Central Saanich residents hoping to gain bike skills and learn routes for cycling in their community can join guided bike tours put on by Capital Bike.

The district has partnered with the cycling advocacy group to organize six guided rides through the municipality.

“We’re hoping that people learn about new routes as well as gain some on-road skills that make them feel confident with their knowledge of how to be a cyclist and how to navigate the district,” said Britt Burnham, the district’s manager of community engagement.

Rides are open to people of all cycling abilities and experience and they start with some basic road skills to make sure everyone feels comfortable getting on the road, she said. Instructors lead the group to key amenities in the district, such as the recreation centre and the fairgrounds, showing residents good cycling routes to reach the popular spots, Burnham said.

The district is hoping to encourage cycling and other forms of active transportation to reduce greenhouse gas emissions, because transportation is responsible for the “vast majority” of the district’s emissions, she said.
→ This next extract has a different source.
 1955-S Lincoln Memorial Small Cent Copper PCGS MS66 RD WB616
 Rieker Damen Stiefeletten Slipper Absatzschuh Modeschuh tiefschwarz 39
By 2050, the municipality wants to see half of all trips within the district to be made using active transportation, which means every resident would be taking four times as many trips by active transportation as they are now, Burnham said.

“So we’re starting with promoting the shorter trips. We want to see people choosing to walk to the grocery a couple blocks away versus driving their car,” she said.

The first two rides have been popular, Burnham said, and the next is a 12-kilometre route on Sept. 7 from 10 a.m. to noon that includes Centennial Park and the Saanich Fairgrounds.

The rides will show residents how to comfortably ride along roads like Mount Newton Cross Road and how to cross the highway overpass, and help people new to biking become more confident, said Colleen Sparks, executive director of Capital Bike.

“We want people to be safe and we want them to enjoy riding,” Sparks said.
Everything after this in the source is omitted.